Re: [galaxy-dev] condor jobs

2015-01-30 Thread John Chilton
On Fri, Jan 30, 2015 at 9:24 AM, Shrum, Donald C  wrote:
> Hi all,
>
>
>
> I’ve configured one of our tools to submit jobs to our condor cluster.  I
> can see the job is routed to the condor runner:
>
>
>
> ==> handler4.log <==
>
> galaxy.jobs.handler DEBUG 2015-01-30 09:14:58,092 (508) Dispatching to
> condor runner
>
> galaxy.jobs DEBUG 2015-01-30 09:14:58,204 (508) Persisting job destination
> (destination id: condor)
>
>
>
> I can see that indeed the job is submitted to the condor cluster:
>
> [root@galaxy galaxy-dist]# condor_q
>
> -- Submitter: galaxy.local : <10.177.61.90:55265> : galaxy.local
>
> ID  OWNERSUBMITTED RUN_TIME ST PRI SIZE CMD
>
>   21.0   galaxy  1/30 09:15   0+00:00:02 R  0   0.0  galaxy_509.sh
>
>
>
>
>
> The job begins to run:
>
> ==> handler4.log <==
>
> galaxy.jobs.runners.condor DEBUG 2015-01-30 09:15:03,827 (508/20) job is now
> running
>
> galaxy.jobs.runners.condor DEBUG 2015-01-30 09:15:05,183 (508/20) job has
> completed
>
>
>
> Galaxy is almost immediately removing the job working directory:
>
>
>
> Here is a snippet of the errors:
>
> ==> handler4.log <==
>
> galaxy.jobs.runners DEBUG 2015-01-30 09:15:06,372 (508/20) Unable to cleanup
> /panfs/storage.local/opt/galaxy-dist/database/pbs/galaxy_508.ec: [Errno 2]
> No such file or directory:
> '/panfs/storage.local/opt/galaxy-dist/database/pbs/galaxy_508.ec'
>
> galaxy.jobs DEBUG 2015-01-30 09:15:06,816 setting dataset state to ERROR
>
> galaxy.datatypes.metadata DEBUG 2015-01-30 09:15:06,996 Failed to cleanup
> MetadataTempFile temp files from
> /panfs/storage.local/galaxy-data/job_working_directory/000/508/metadata_out_HistoryDatasetAssociation_717_zrzVqh:
> No JSON object could be decoded
>
>
>
>
>
> Is it possible galaxy is attempting to query condor and see if the job is
> running, not finding anything and deciding that the job is not running and
> bailing out?
>
>
>
> I’ve reconstructed the process step by step using the logs but I have not
> been able to see exactly where the condor_submit command is shown so I can
> try to submit the same job manually.
>
>
>
> Does anyone have a suggestion for debugging this?

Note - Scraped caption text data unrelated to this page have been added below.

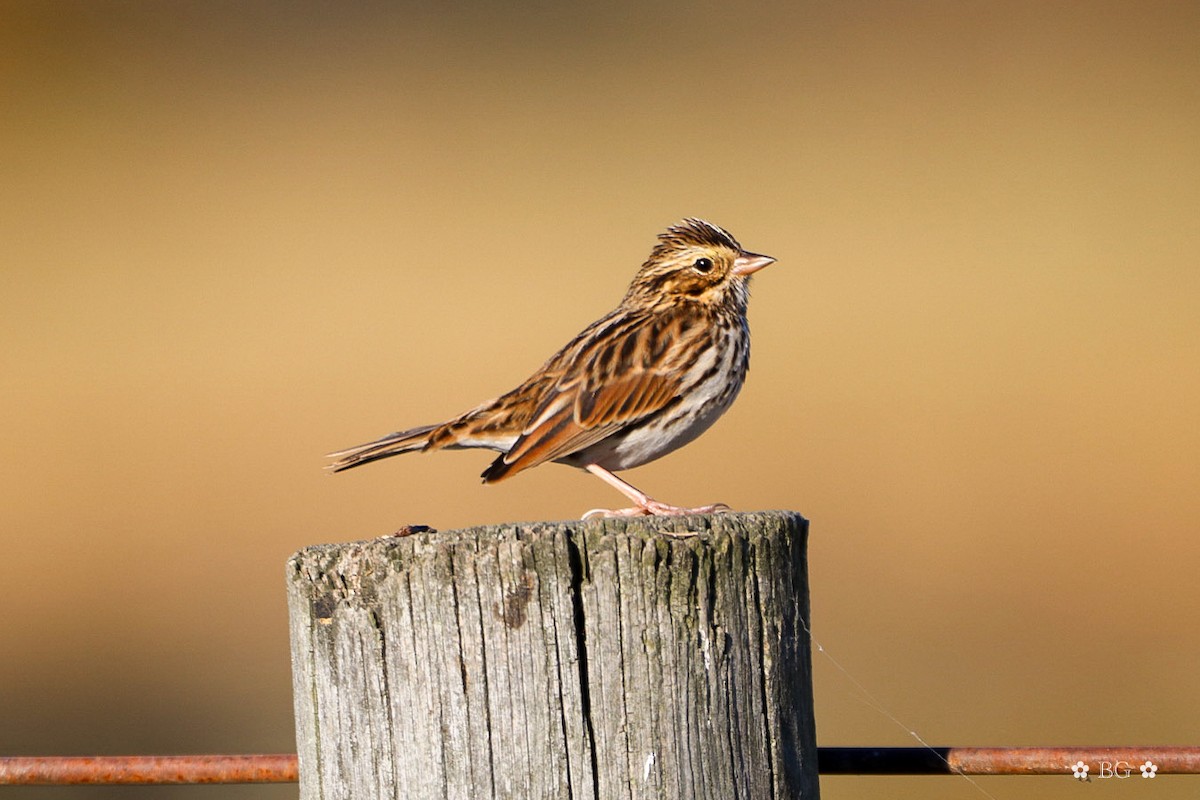Bruant des prés - ML645401241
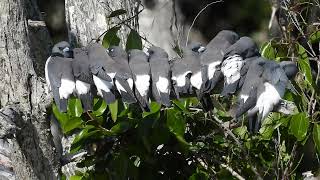 Whitebreasted Woodswallow Hervey Bay Qld [upl. by Nilreb39]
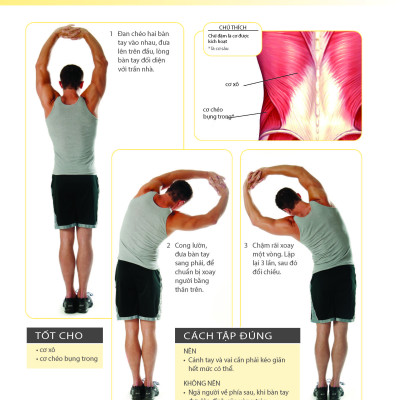 Khỏe Đẹp Với Các Bài Tập Cơ Bản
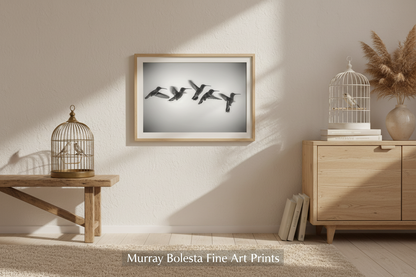 Black & White Hummingbird in Flight Art Print | Bird Wall Decor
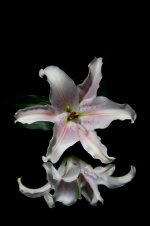 Flowers-3.jpg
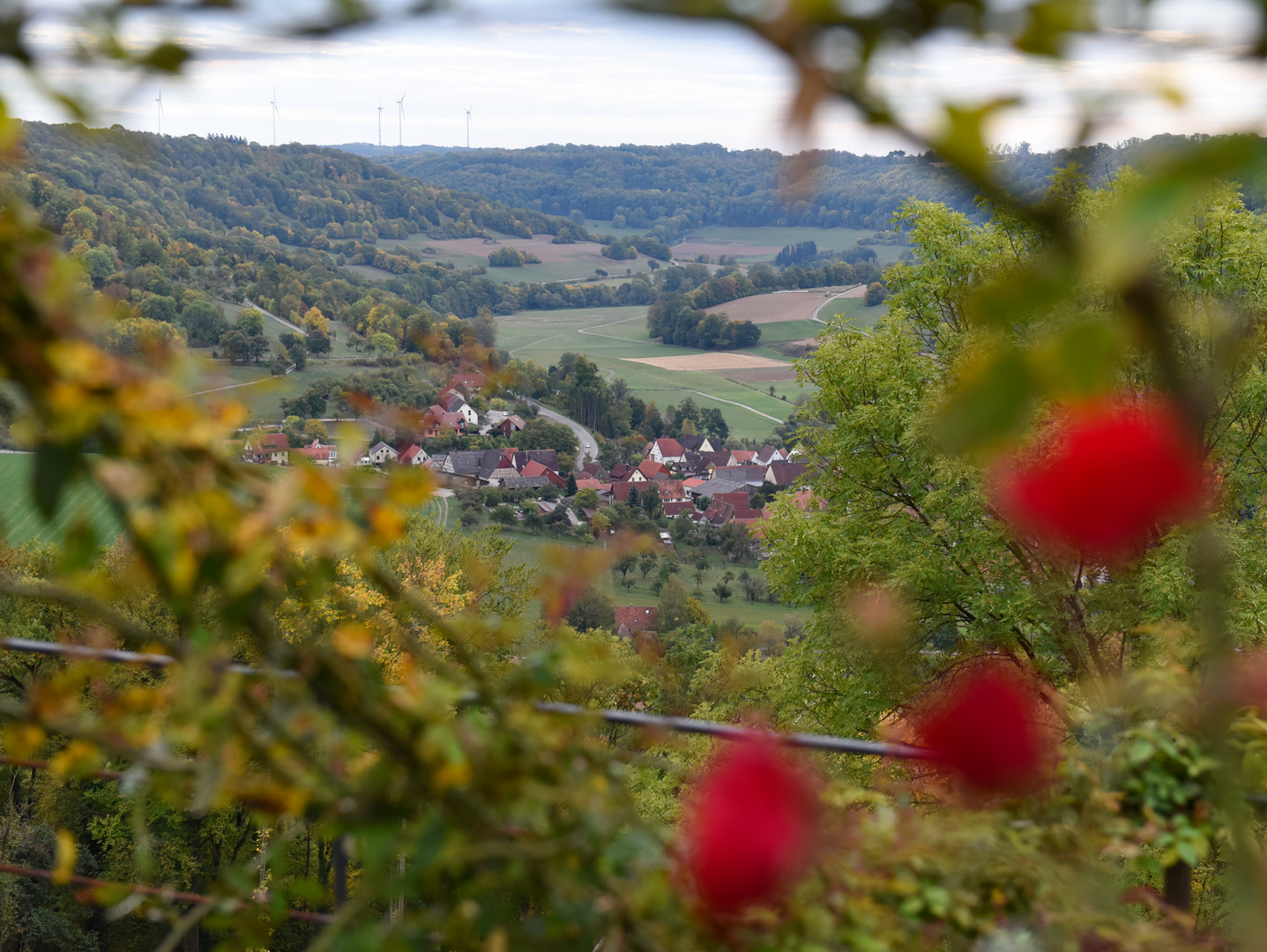 Blick vom Schloss Langenburg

Two most relevant files would be:

https://bitbucket.org/galaxy/galaxy-central/src/tip/lib/galaxy/jobs/runners/condor.py
https://bitbucket.org/galaxy/galaxy-central/src/tip/lib/galaxy/jobs/runners/util/condor/__init__.py

The condor job logic strikes me as pretty brittle - it has always
worked for me when I have tested it but given how it is readiing logs
I would imagine very small changes to condor might cause it to fail.
So one thing to check is summarize_condor_log in
lib/galaxy/jobs/runners/util/condor/__init__.py - to see if that logic
matches the way your condor produces log files.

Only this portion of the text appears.